→ **WHAT IS NEEDED**: Pictures must be left out. Retype exactly the lines from the one containing "Female Mouse Hat Icon Magnetic Piece" through the last line of the records below.

→ **DATA SHOWN**:
*** Begin section ***

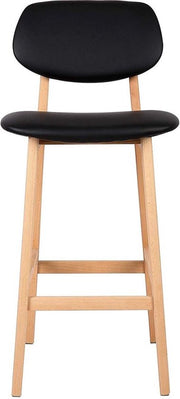 Barkrukken - Set van 2 - Houten Frame - Zwart - Ergonomisch - Met Rugleuning - Zithoogte 65 cm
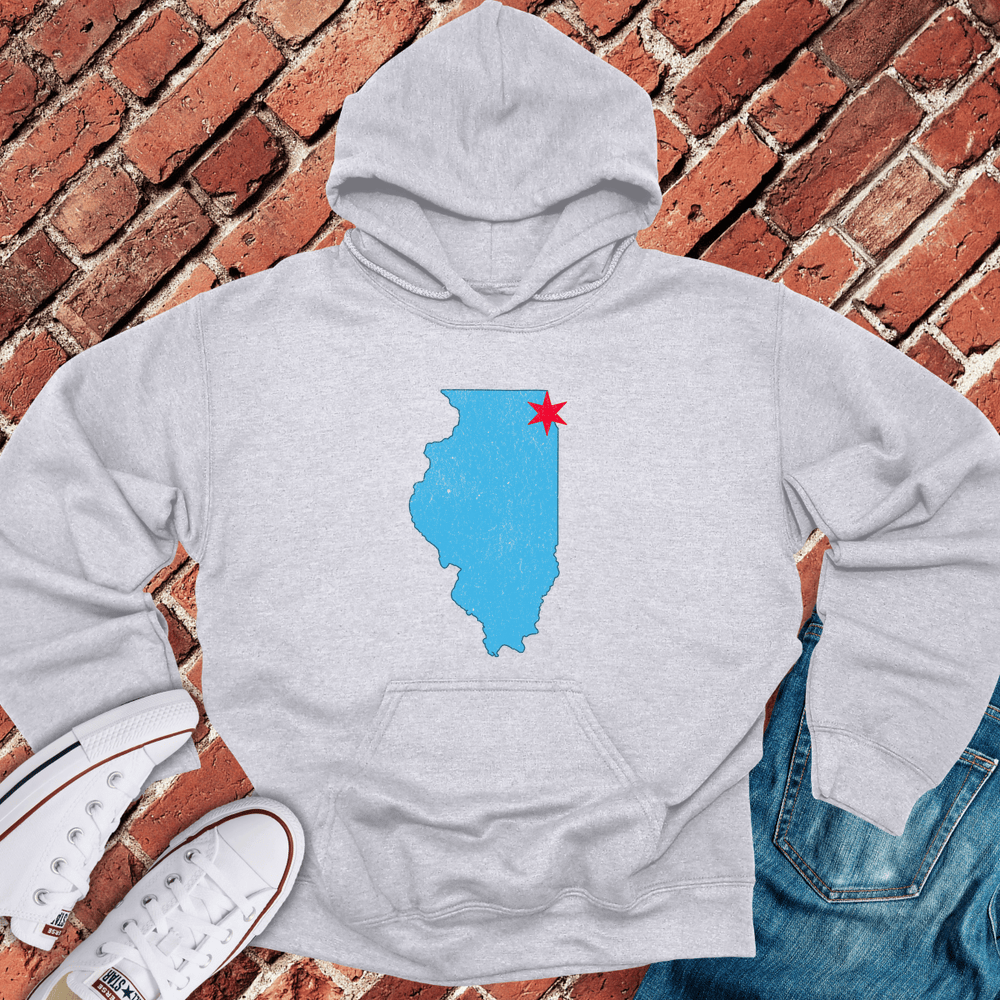 Illinois Star Map Hoodie - Sport Grey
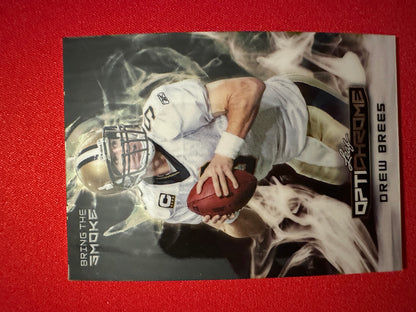 Drew Brees 2026 Leaf Optichrome Bring the Smoke 1/1 Super Prismatic Color Match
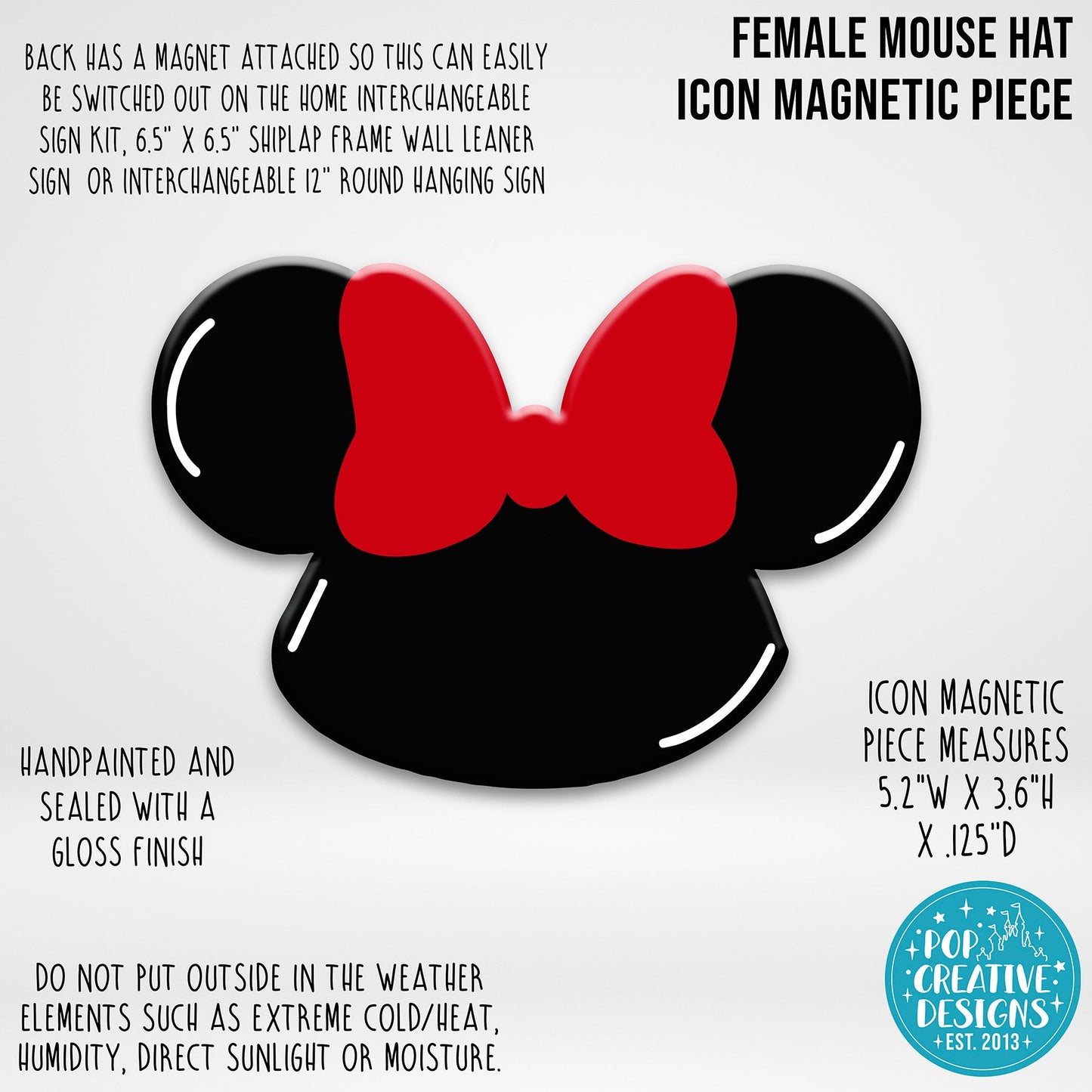 Female Mouse Hat Icon Magnetic Piece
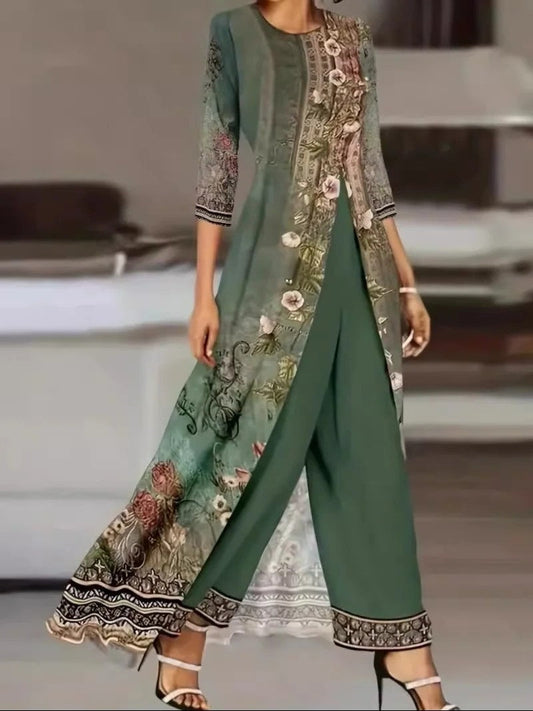 Jade | Women's Wide Leg Pants & Long Floral Top Two-Piece Set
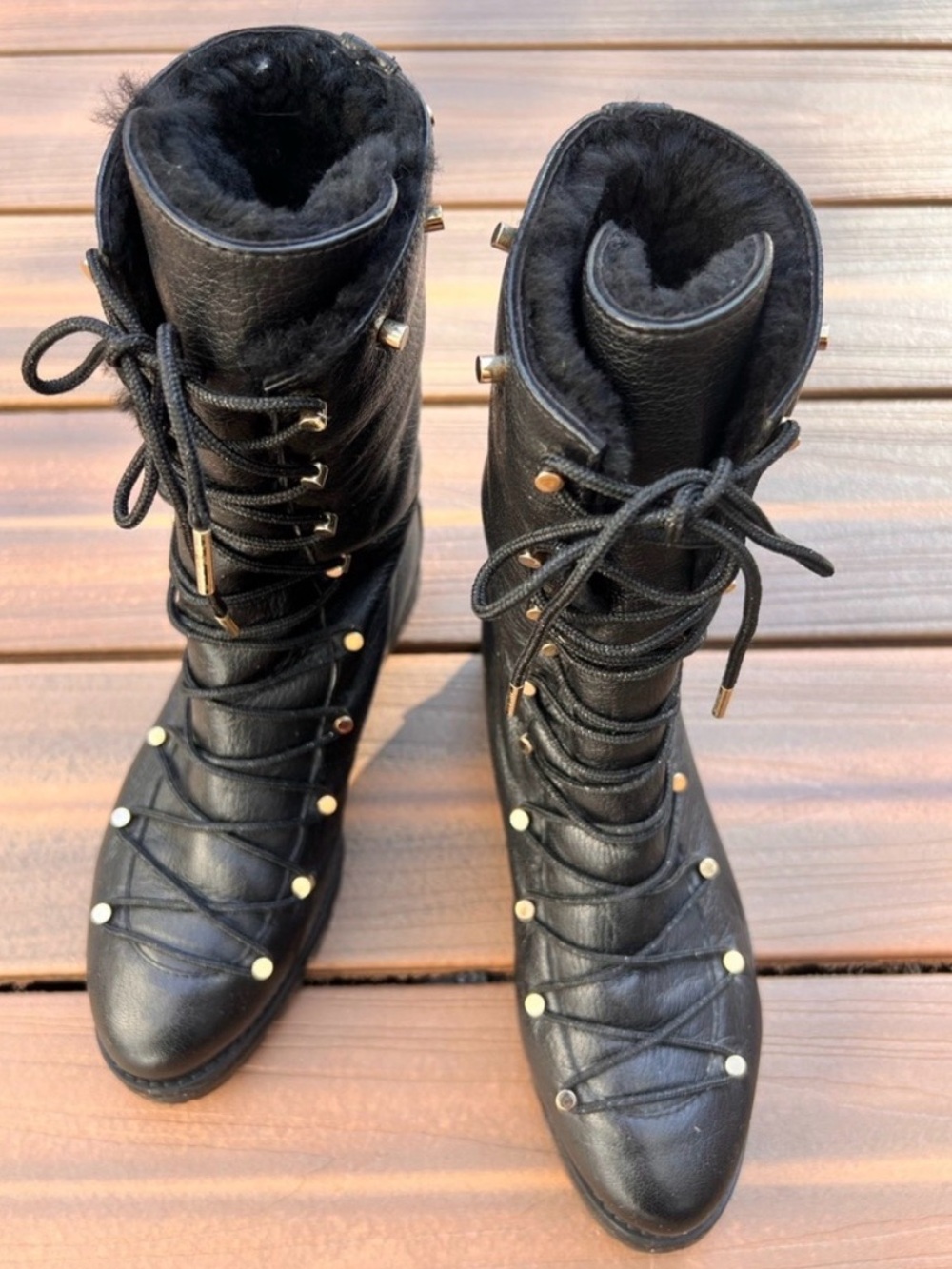 Jimmy Choo Drake Combat Boots with Sherling Lining-Size EU 37/ US 7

*** End section ***

→ **YOUR SOLUTION**:
 Female Mouse Hat Icon Magnetic Piece
 Jade | Women's Wide Leg Pants & Long Floral Top Two-Piece Set
 Jimmy Choo Drake Combat Boots with Sherling Lining-Size EU 37/ US 7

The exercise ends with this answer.